### Data records ###
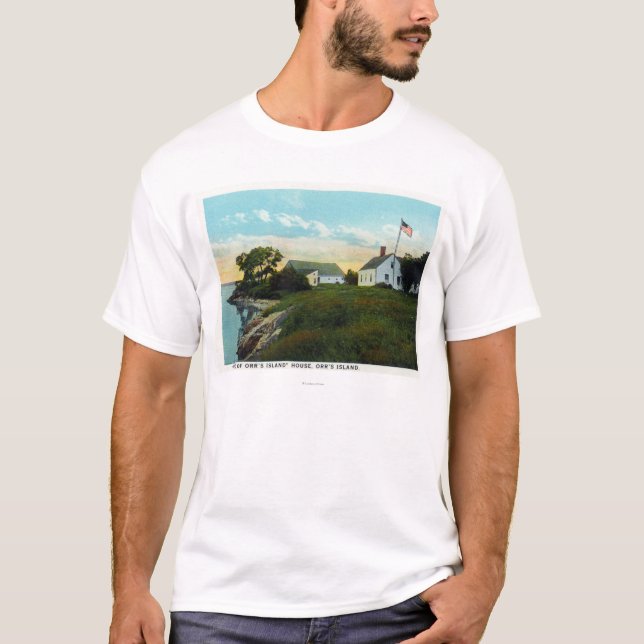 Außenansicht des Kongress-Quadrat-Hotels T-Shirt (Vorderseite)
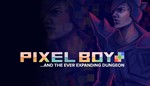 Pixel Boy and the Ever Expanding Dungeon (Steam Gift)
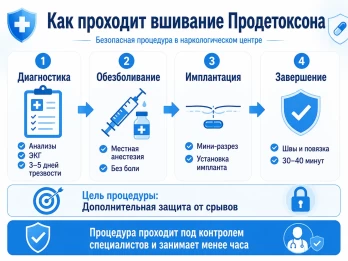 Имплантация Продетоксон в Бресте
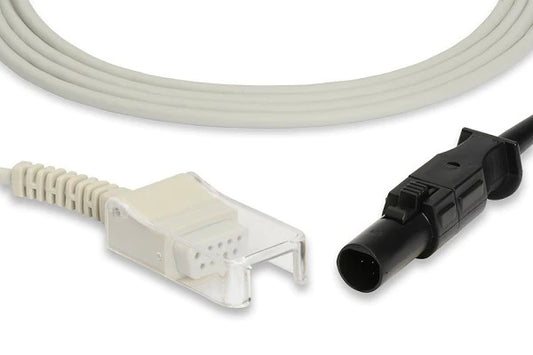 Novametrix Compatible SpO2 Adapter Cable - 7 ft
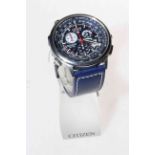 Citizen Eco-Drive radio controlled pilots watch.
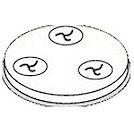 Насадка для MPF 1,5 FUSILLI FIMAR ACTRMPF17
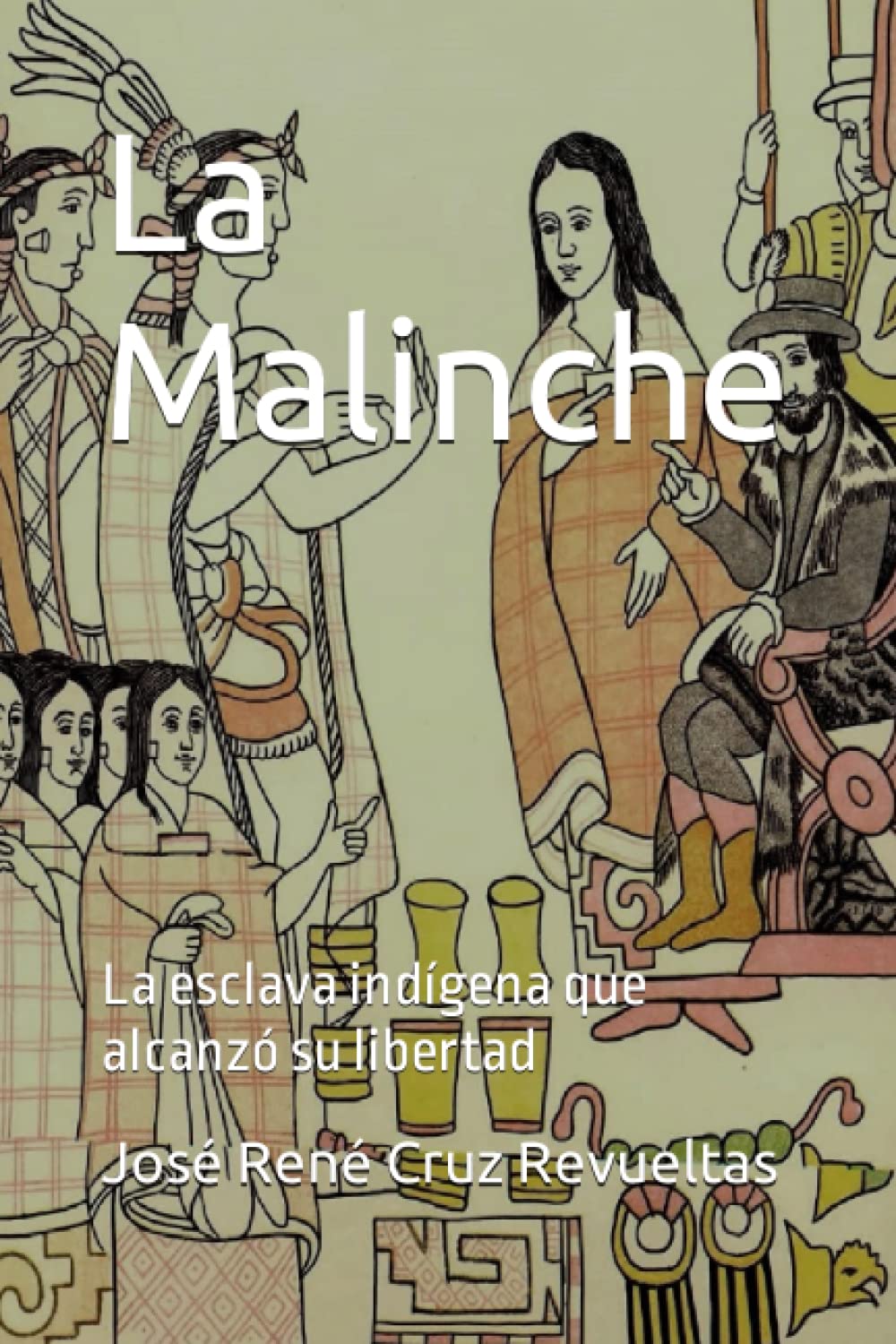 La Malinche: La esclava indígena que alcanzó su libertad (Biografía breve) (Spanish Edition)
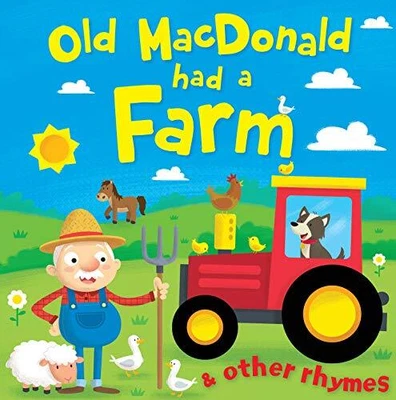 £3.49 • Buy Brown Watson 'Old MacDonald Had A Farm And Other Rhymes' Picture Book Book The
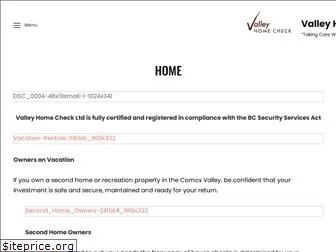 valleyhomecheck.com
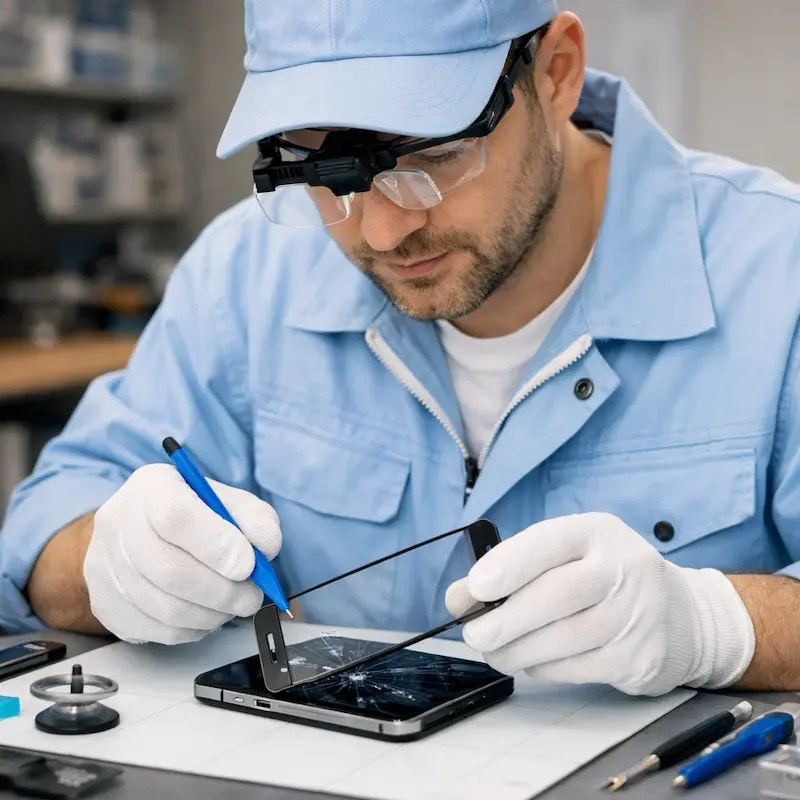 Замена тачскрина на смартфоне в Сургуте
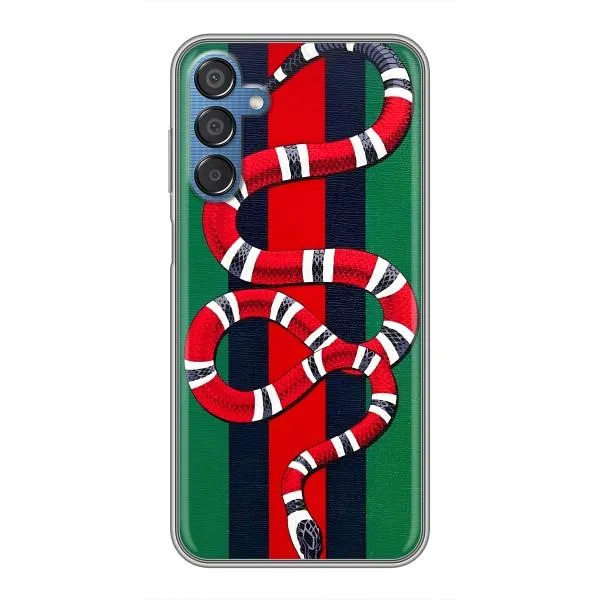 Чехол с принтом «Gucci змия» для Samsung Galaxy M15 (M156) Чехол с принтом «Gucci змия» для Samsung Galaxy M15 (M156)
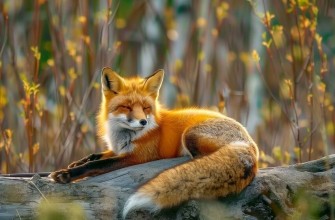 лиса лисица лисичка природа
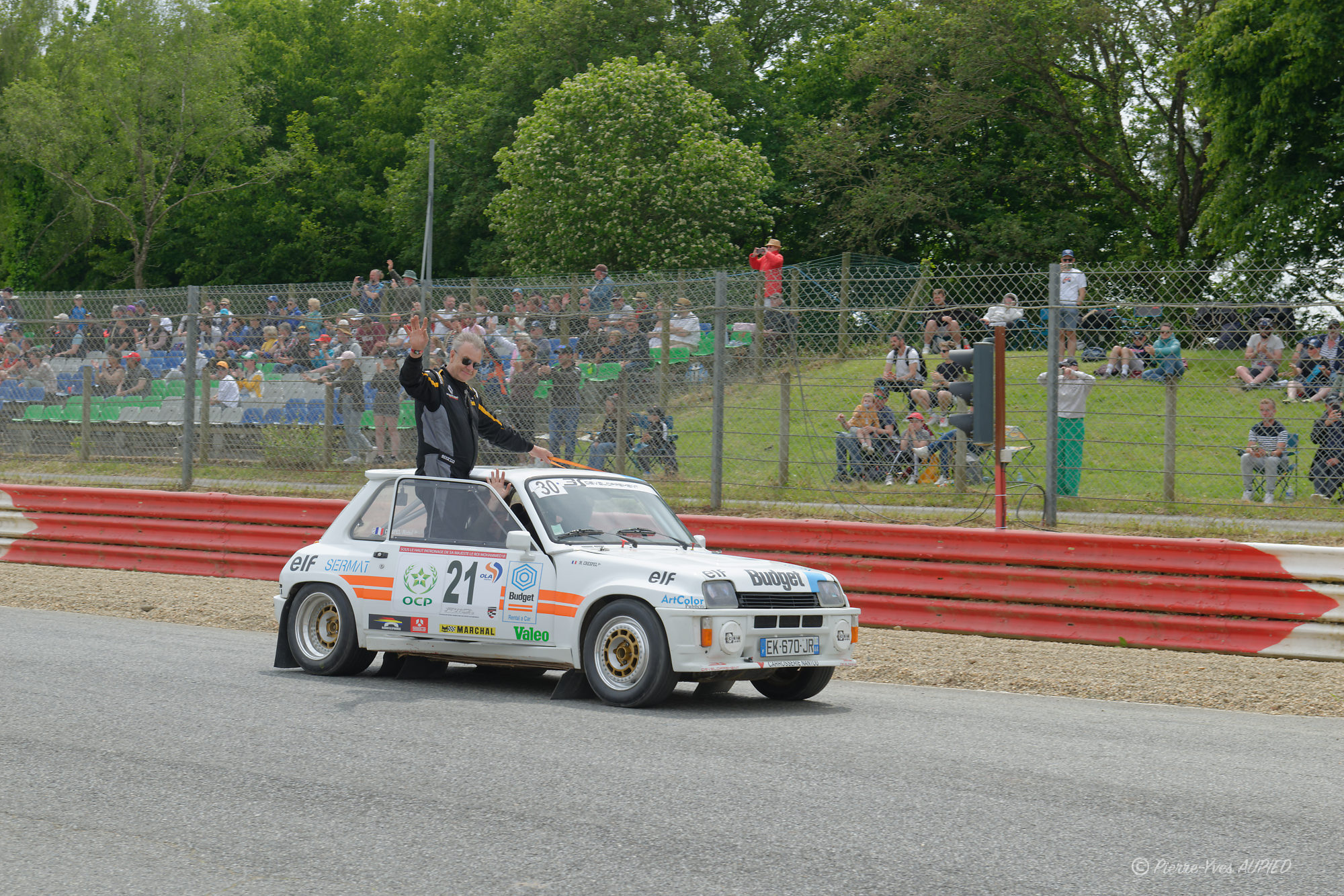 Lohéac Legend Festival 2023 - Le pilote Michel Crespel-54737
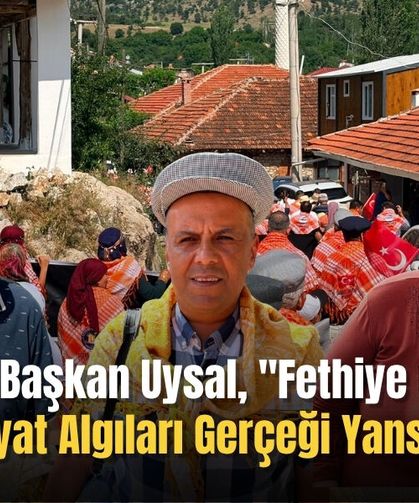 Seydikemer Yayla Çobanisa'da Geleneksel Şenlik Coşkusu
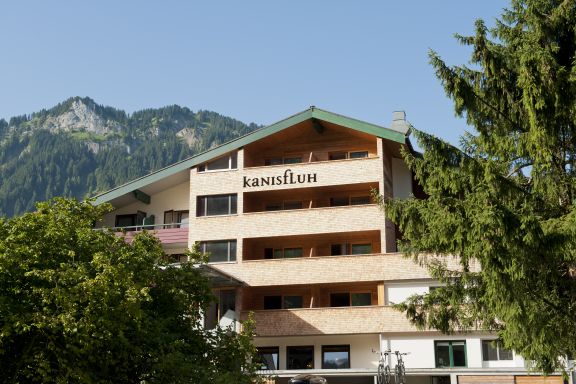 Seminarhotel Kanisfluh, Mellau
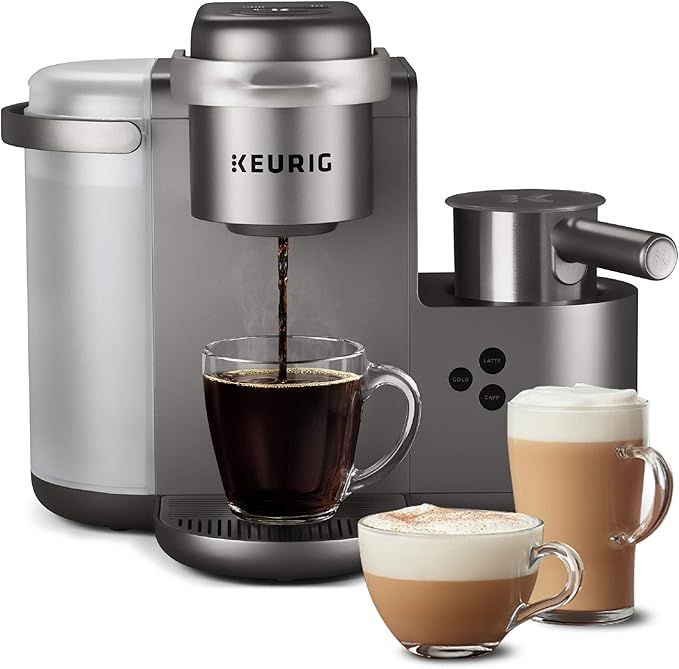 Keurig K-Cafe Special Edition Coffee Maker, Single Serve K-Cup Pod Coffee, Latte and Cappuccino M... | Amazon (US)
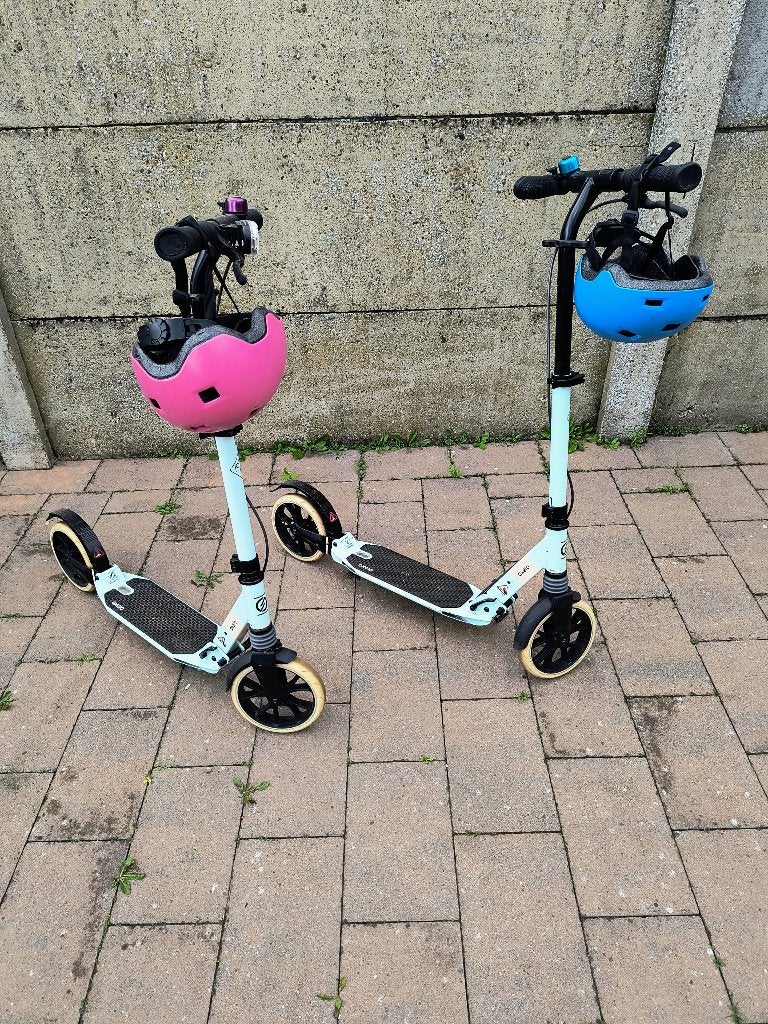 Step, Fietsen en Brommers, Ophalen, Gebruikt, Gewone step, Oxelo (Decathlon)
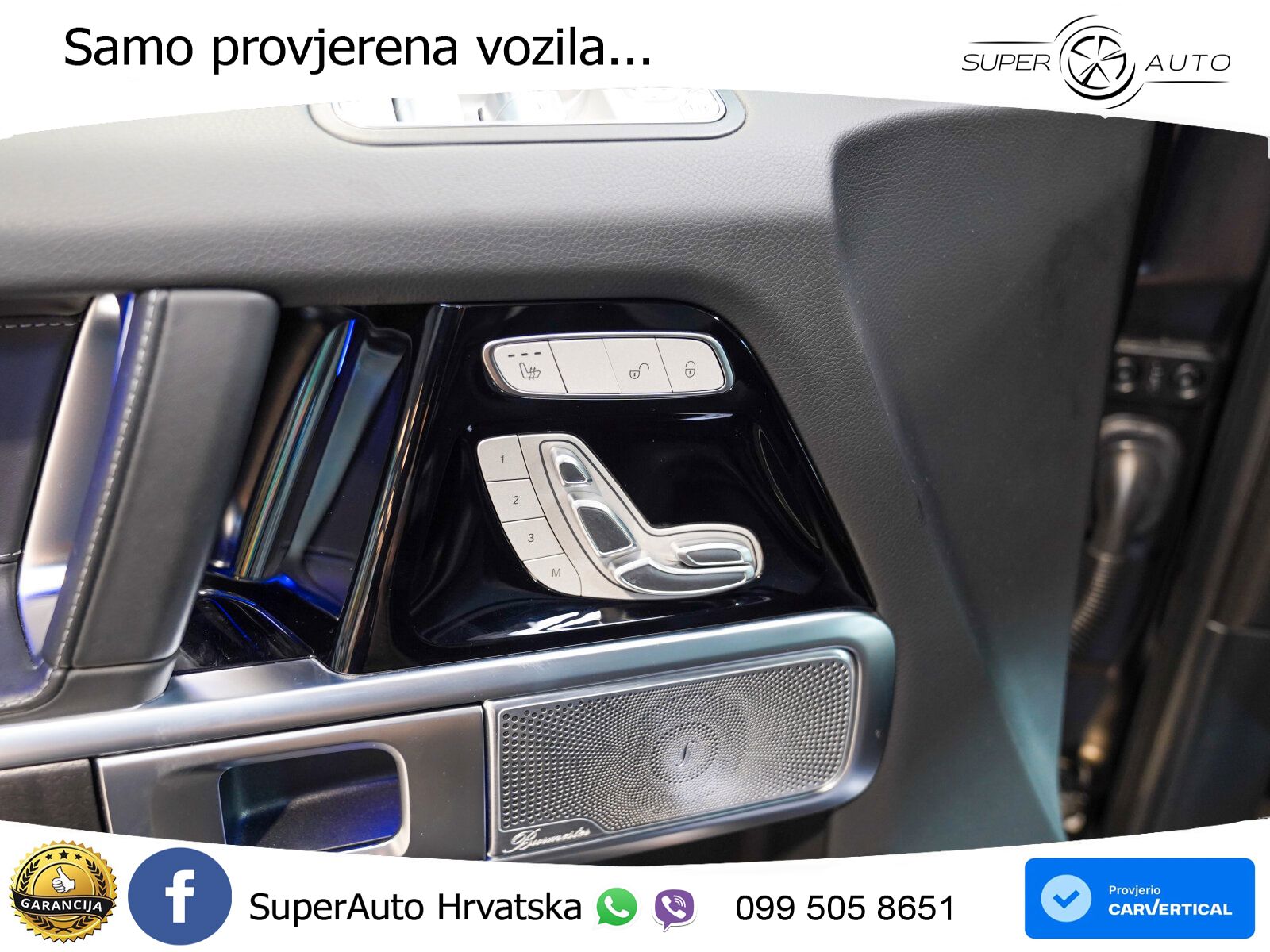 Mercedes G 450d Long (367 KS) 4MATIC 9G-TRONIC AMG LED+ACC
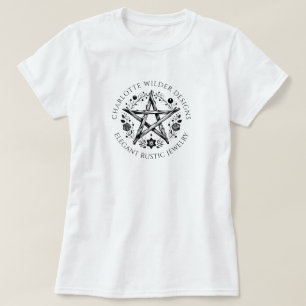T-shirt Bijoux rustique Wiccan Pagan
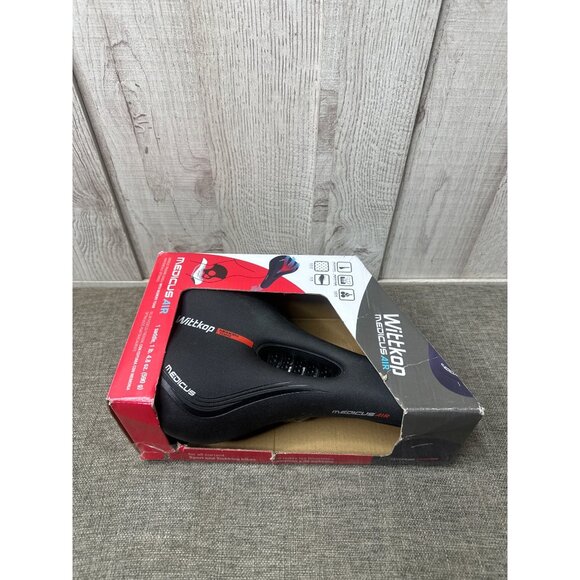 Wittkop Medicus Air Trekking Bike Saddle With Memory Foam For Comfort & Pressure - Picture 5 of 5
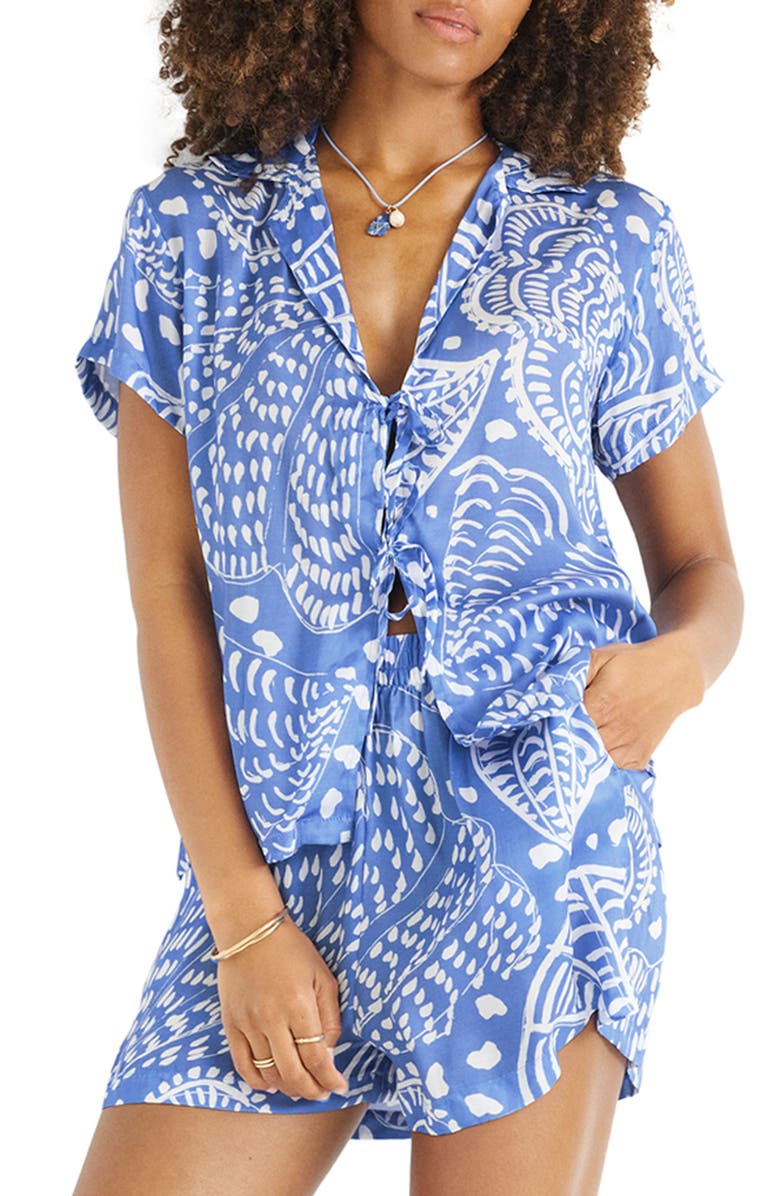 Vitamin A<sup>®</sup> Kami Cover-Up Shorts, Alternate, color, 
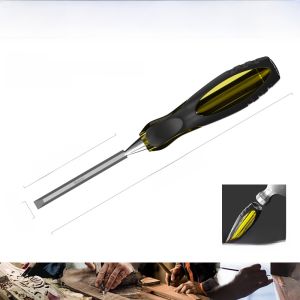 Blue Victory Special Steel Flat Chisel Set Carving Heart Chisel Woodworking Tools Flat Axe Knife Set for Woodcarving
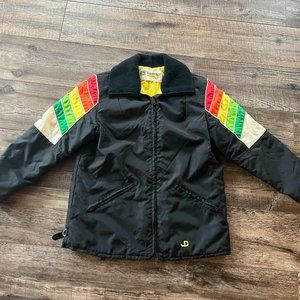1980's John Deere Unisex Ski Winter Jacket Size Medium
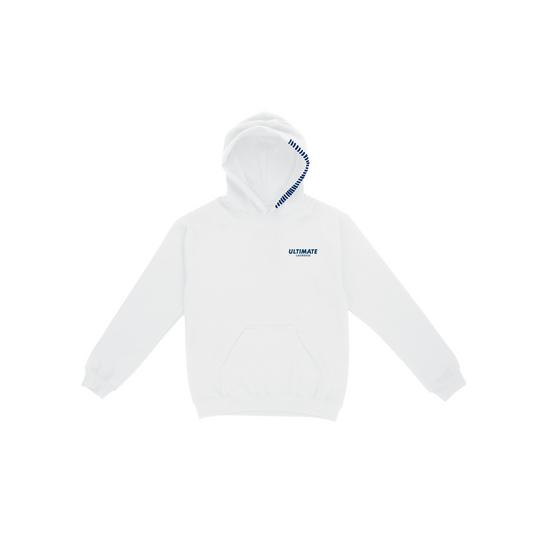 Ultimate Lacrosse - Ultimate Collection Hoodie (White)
###
The answer must be the full listing, restated word for word, with no pictures in it.

 Außenansicht des Kongress-Quadrat-Hotels T-Shirt (Vorderseite)
 Pixel Boy and the Ever Expanding Dungeon (Steam Gift)
 Имплантация Продетоксон в Бресте
 Novametrix Compatible SpO2 Adapter Cable - 7 ft
 Citizen Eco-Drive radio controlled pilots watch.
 Насадка для MPF 1,5 FUSILLI FIMAR ACTRMPF17
 La Malinche: La esclava indígena que alcanzó su libertad (Biografía breve) (Spanish Edition)
 £3.49 • Buy Brown Watson 'Old MacDonald Had A Farm And Other Rhymes' Picture Book Book The
 valleyhomecheck.com
 Замена тачскрина на смартфоне в Сургуте
 Чехол с принтом «Gucci змия» для Samsung Galaxy M15 (M156) Чехол с принтом «Gucci змия» для Samsung Galaxy M15 (M156)
 лиса лисица лисичка природа
 Lohéac Legend Festival 2023 - Le pilote Michel Crespel-54737
 Seydikemer Yayla Çobanisa'da Geleneksel Şenlik Coşkusu
 Seminarhotel Kanisfluh, Mellau
 Keurig K-Cafe Special Edition Coffee Maker, Single Serve K-Cup Pod Coffee, Latte and Cappuccino M... | Amazon (US)
 Step, Fietsen en Brommers, Ophalen, Gebruikt, Gewone step, Oxelo (Decathlon)
 Mercedes G 450d Long (367 KS) 4MATIC 9G-TRONIC AMG LED+ACC
T-shirt Bijoux rustique Wiccan Pagan
 Wittkop Medicus Air Trekking Bike Saddle With Memory Foam For Comfort & Pressure - Picture 5 of 5
 Vitamin A<sup>®</sup> Kami Cover-Up Shorts, Alternate, color, 
 Blue Victory Special Steel Flat Chisel Set Carving Heart Chisel Woodworking Tools Flat Axe Knife Set for Woodcarving
1980's John Deere Unisex Ski Winter Jacket Size Medium
 Ultimate Lacrosse - Ultimate Collection Hoodie (White)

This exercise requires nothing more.